Muitas das nossas escolas e dos nossos professores continuam a funcionar em função da época da indústria mecânica pesada, quando a justificação racionalista-economicista da educação hoje (pelo menos nas sociedades ocidentais ou ocidentalizadas) já nem sequer passa pela revolução industrial, mas sim pela revolução informática, como nos alertou Lyotard (1989) há mais de duas décadas.

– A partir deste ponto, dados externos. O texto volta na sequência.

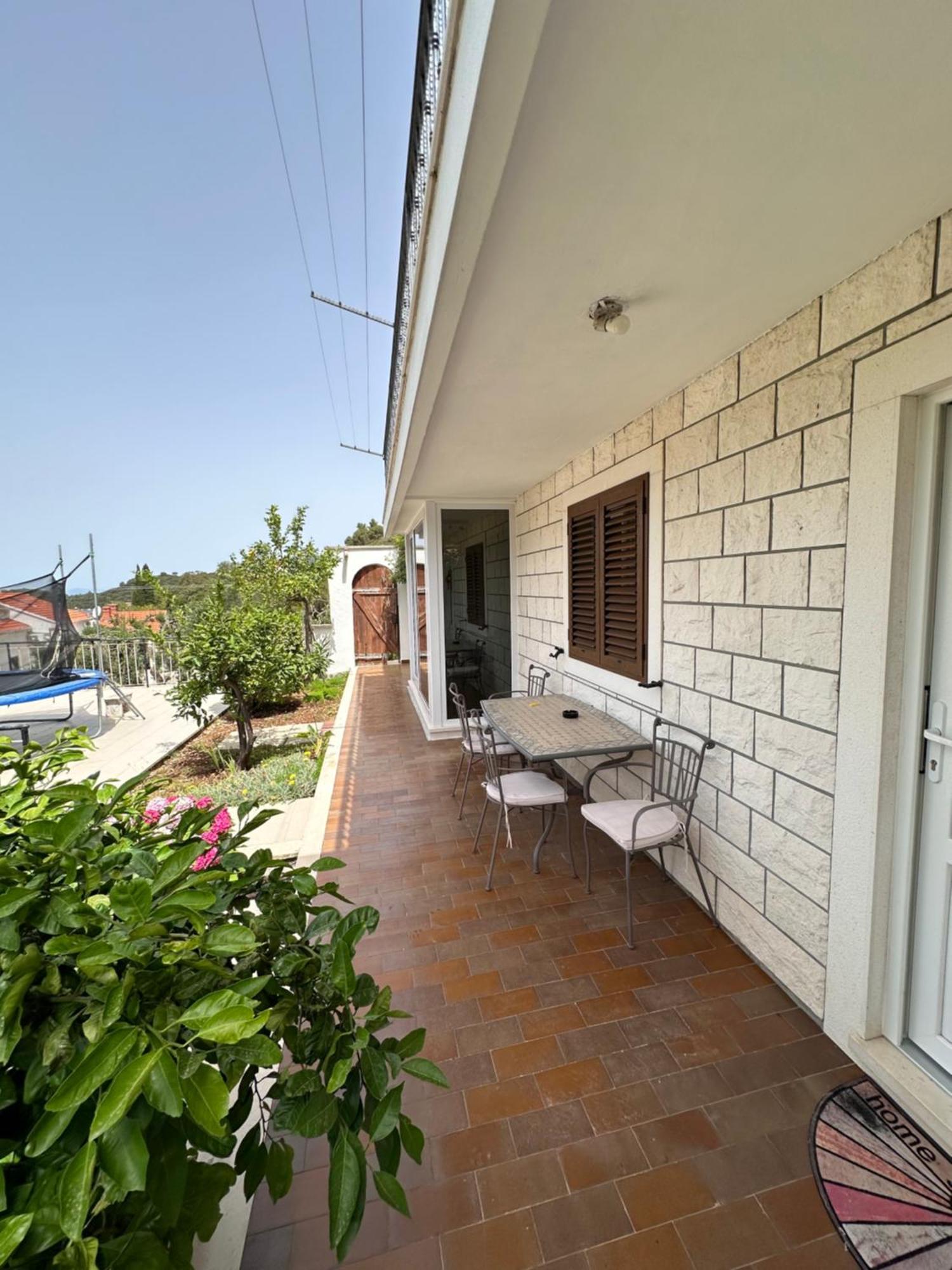 Villa Castello Zrnovo Ngoại thất bức ảnh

Muitas das escolas continuam então com professores isolados processando fornadas de jovens constituídos por turmas ou por níveis de aptidão, em grupos construídos com base em critérios discriminatórios que passam por considerar e agrupar em determinadas turmas os jovens com capacidade para chegar à universidade e, noutras turmas, os “outros”. Sabemos hoje que esta separação que parte de uma posição que encerra muito comodismo por parte dos professores (quando concebem a constituição das turmas) em pouco ou nada ajuda a uma integração e motivação de muitos destes jovens duplamente excluídos (porque já o são socialmente).

Em suma, as estruturas básicas da escolaridade e de ensino foram estabelecidas para servir outros objetivos noutras épocas ao passo que a sociedade de move no sentido de uma época pós-industrial e pós-moderna, as nossas escolas e os seus professores continuam apegados a edifícios de burocracia e de modernidade que se encontram em desagregação; a hierarquias rígidas, salas de aula isoladas, departamentos segregados, (muitos dos professores de artes visuais têm razões para se sentirem assim) e estruturas de carreira ultrapassadas (HARGREAVES, 1998: x)

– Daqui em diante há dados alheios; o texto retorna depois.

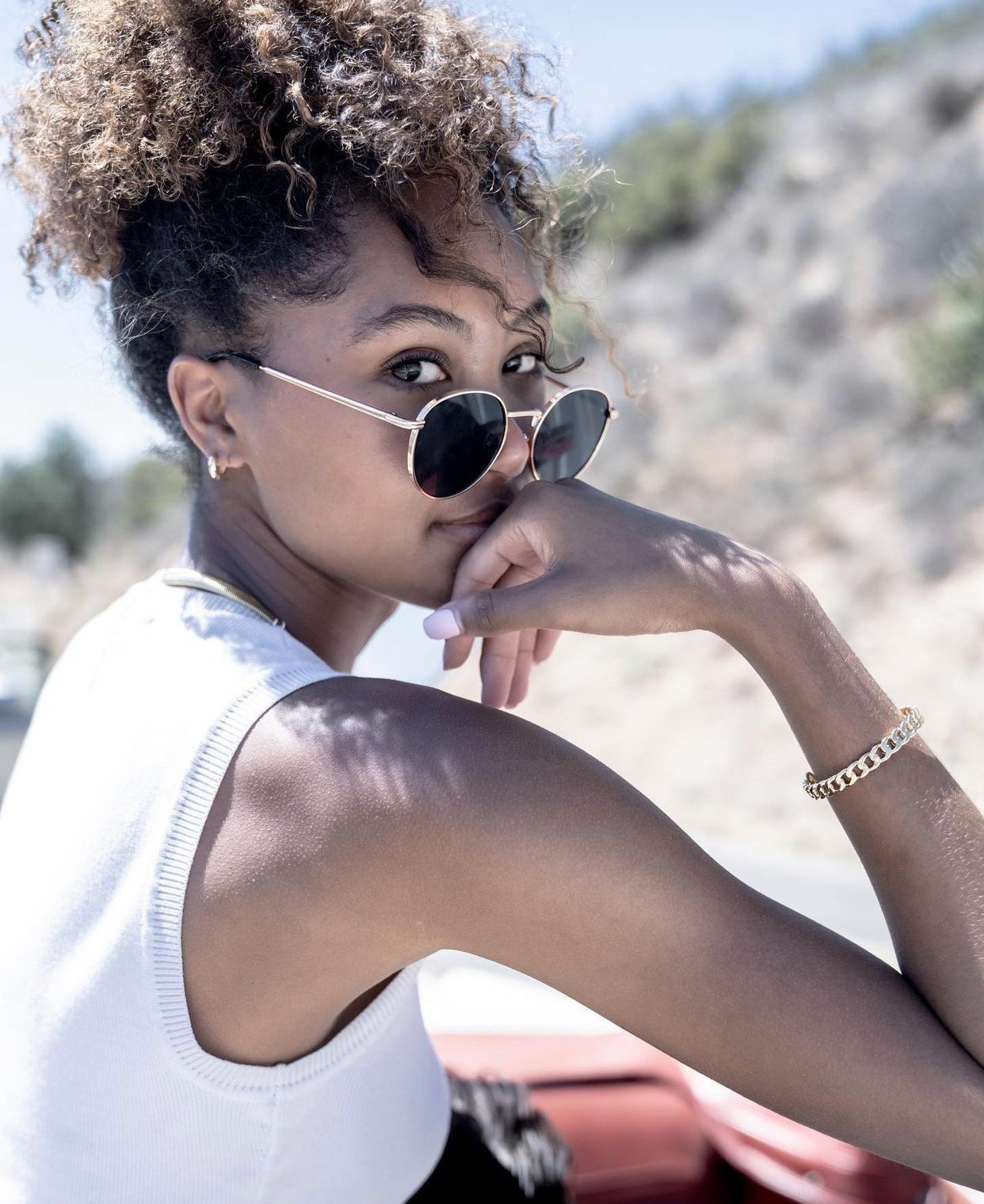 Gold Chain Link Cuff JEWELRY The Sis Kiss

A cultura está a transitar de uma modalidade escrita para uma modalidade visual, dentro de um mundo de grande complexidade tecnológica, o que leva as novas tecnologias a colocarem questões importantes para as relações entre professores e estudantes, entre o quotidiano escolar e o quotidiano familiar, entre este último e o mundo que se estende para fora da escola. Frente ao fascínio por este imaginário de alta tecnologia o velho discurso escolar oferece, na opinião de Hargreaves, Earl & Ryan, (1998, p. 255), pouca competência. Por isso, julgamos então haver razão para afirmarmos que as forças de mudança tenderão a dissolver as fronteiras entre escola e comunidade (ELKIND, 1993).

Mudar os professores supõe mudar as pessoas e esse é um processo lento” (GODSON, 1992 e FULLAN & HARGREAVES, 1991) isto significaria que as novas estratégias de ensino deveriam pôr-se em prática a um ritmo determinado e com a flexibilidade suficiente de modo a que os professores pudessem adotá-las e adaptar-se a elas com comodidade.

Seria injusto e pouco realista e inútil esperar que os professores mudem também espetacularmente a sua forma de ensinar e que para além disso, o façam num curto espaço de tempo. Mas já é mais justo, realista, e provavelmente, demonstrará ser mais efetivo, esperar que se comprometam a procurar uma contínua melhoria entre a sua comunidade de colegas e que sejam capazes de experimentar novas estratégias de ensino como parte desse compromisso. Ao tratar de melhorar as estratégias de ensino normalmente inclinamo-nos para a «conversão», quando fazê-lo para a «extensão» seria um objectivo muito mais prático e mais produtivo (HARGREAVES, EARL & RYAN, 1998, p. 250).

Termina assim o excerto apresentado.